Example: You create a Browser Monitoring Alarm to monitor page views. The alert rule checks whether the sum of page views in the last 5 minutes is no greater than 10. If the page receives no visits, no data is reported and the alert rule is never evaluated.
Solution: Set Alarm Data Revision to Set 0. The system treats the missing data as zero, which satisfies the alert condition (0 is not greater than 10), and sends an alert.
Undefined compound indicators
Problem: A compound indicator (a formula involving division) produces an undefined result because the divisor is zero.
Example: You create a Custom Monitoring Alarm to monitor the real-time unit price of a commodity. Variable a is the current total price, and variable b is the current total number of items.

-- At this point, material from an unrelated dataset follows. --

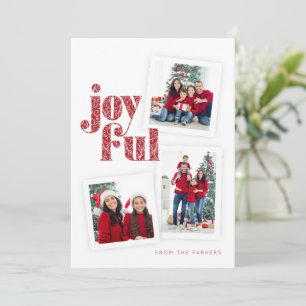 Verziertes Rotes Joyful Foto Collage Weihnachten/F Karte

The alert rule checks whether the minimum value of a/b over the last 3 minutes is less than or equal to 10. If no items are sold (b = 0), the division result is undefined and no alert is sent.
Solution: Set Alarm Data Revision to Set 0. The system treats the undefined result as 0, which satisfies the alert condition (0 <= 10), and sends an alert.
Undefined period-over-period comparisons
Problem: A period-over-period comparison cannot be calculated because the historical reference value (alpha) is missing.
Example: You create an Application Monitoring Alarm to monitor a node's CPU utilization. The alert rule checks whether the average CPU utilization decreased by 100% compared with the previous monitoring period over the last 3 minutes. If the CPU failed during the comparison window, the system cannot retrieve alpha, so the comparison result is undefined and no alert is sent.
Solution: Set Alarm Data Revision to Set 1. The system treats the undefined result as a 100% decrease, which satisfies the alert condition, and sends an alert.